Note: Skin shader breakdown starts @ post #27
Based on the work I’ve done rigging human figures for naturalistic posing & animation, I’m now working toward a full muscle simulation. I’ve seen this done a number of times so I’m not really breaking new ground except that this uses my already-tested rig with few adjustments. This has greatly simplified the first development stages:
Since I already have in place Constraint-driven helpers to deform a skin mesh to imitate muscle action, it hasn’t been a major task to apply the same principles to a modeled muscle layer. So far I’ve mostly been trouble-shooting the skin-wrapping methods, but I’ve gotten good results with early tests of the shoulder and biceps region:
Some of the shoulder controls in the rig
Early modeling of the shoulder & bicep region
Since the vertices of both the muscle layer volumes and the skin layer are being driven by the Armature, the problem of he skin “sliding” too much over the muscle layer is greatly lessened.
My next step is to divide the muscle layer into 5 segments (extremities and trunk) to solve the problem of having the skin “wrap” to the wrong muscle when the surfaces are closely adjacent, such as in the armpit. Each segment will be a separate target for multiple Shrinkwrap modifiers on the skin mesh. I also want to use this to add detailing to the hands and feet. The face is already under a separate armature that use muscle motion as its design basis.

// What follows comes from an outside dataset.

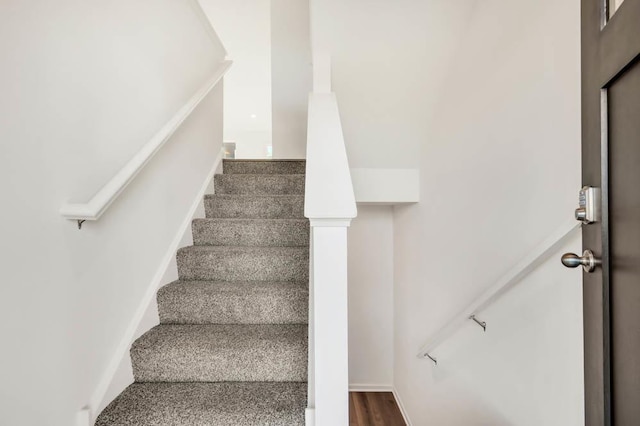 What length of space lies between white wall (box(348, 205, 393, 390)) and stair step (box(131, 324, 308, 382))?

One chief benefits so far has been a quantitative and qualitative leap in muscle form and definition, without increasing the base mesh density at all. Since I use 2 levels of Subsurf when rendering (and sometimes 3), there’s really no penalty in using these as a way to help implement the Shrinkwrap effectively. By placing one Subsurf before and one after Shrinkwrap on the modifier stack, I can eliminate a great deal of the “gap stretch-marks” that this technique can generate. I’ll of course be testing it under much heavier deformation & animation scenarios as well.